Surely, if the compensation was high enough, you'd be like, "Sure, I'm happy with that outcome." And then, if the AI company thinks they have a low enough failure rate that the expected cost of paying out the compensation still lets them make a profit, then they could make that promise to all customers.

Though a compensation that high sounds like it would invite fraud, where the customer would be glad to have something go "wrong" and get a fat check. Not sure if that's a solvable problem.

ml-anon · 2026-06-09T12:33:50 1781008430

they are literally burning billions of dollars and can presumably keep doing this for a while. Taking a trivial amount of additional financial liability to launder their reputation wouldn't meaningfully improve things.

cjonas · 2026-06-09T04:34:30 1780979670

These use cases will just be built as "open source" (openclawd) or even custom one off application in the future.

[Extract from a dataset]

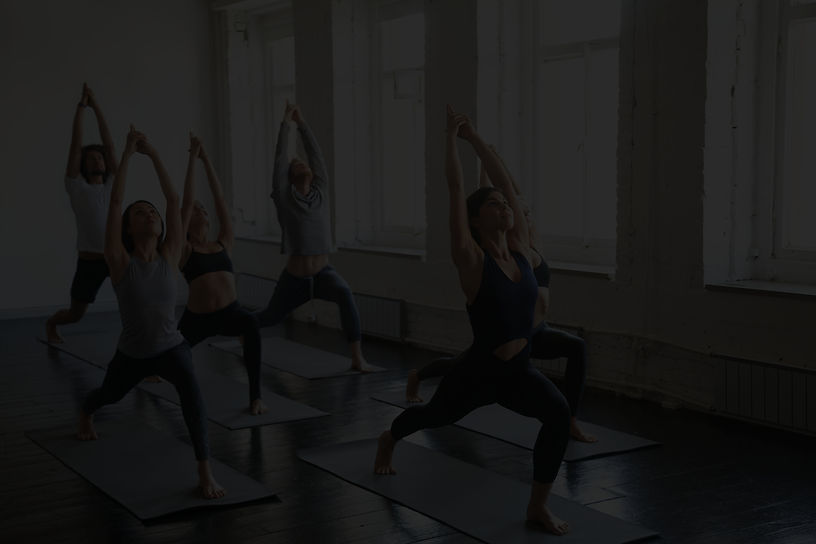 AEnB2UqRFv0iHvE289P6FDK2VLHodJ0czj-D22KPphH7H1yXw4mfOOjUP-Qw15MJwOwrpIfDeh0406VIMXxaFRkr4j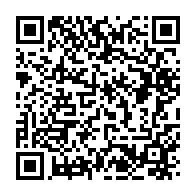qrcode:https://www.infos.ga/lancer-une-entreprise-en-bulgarie-en-tant-qu-etranger-comment-et,9492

I've been building apps to run the tedious parts of my life recently. Meal planning, personal finance, bills, tax organization... Why would I pay for services that will be enshiftified when I can build a app that does exactly what I want in an afternoon. Yes the code is shit and it wouldn't scale... But it doesn't need to

whywhywhywhy · 2026-06-09T09:06:39 1780995999

> Why would I pay for services that will be enshiftified when I can build a app that does exactly what I want in an afternoon

Because the problem now took a whole afternoon to solved and sapped your creative energy instead.

losteric · 2026-06-09T04:43:02 1780980182

> Why would I pay for services that will be enshiftified when I can build an app that does exactly what I want in an afternoon.

When we talk about “the market”, the customer base, remember it’s a market that typically doesn’t know how to or care to even install an adblocker.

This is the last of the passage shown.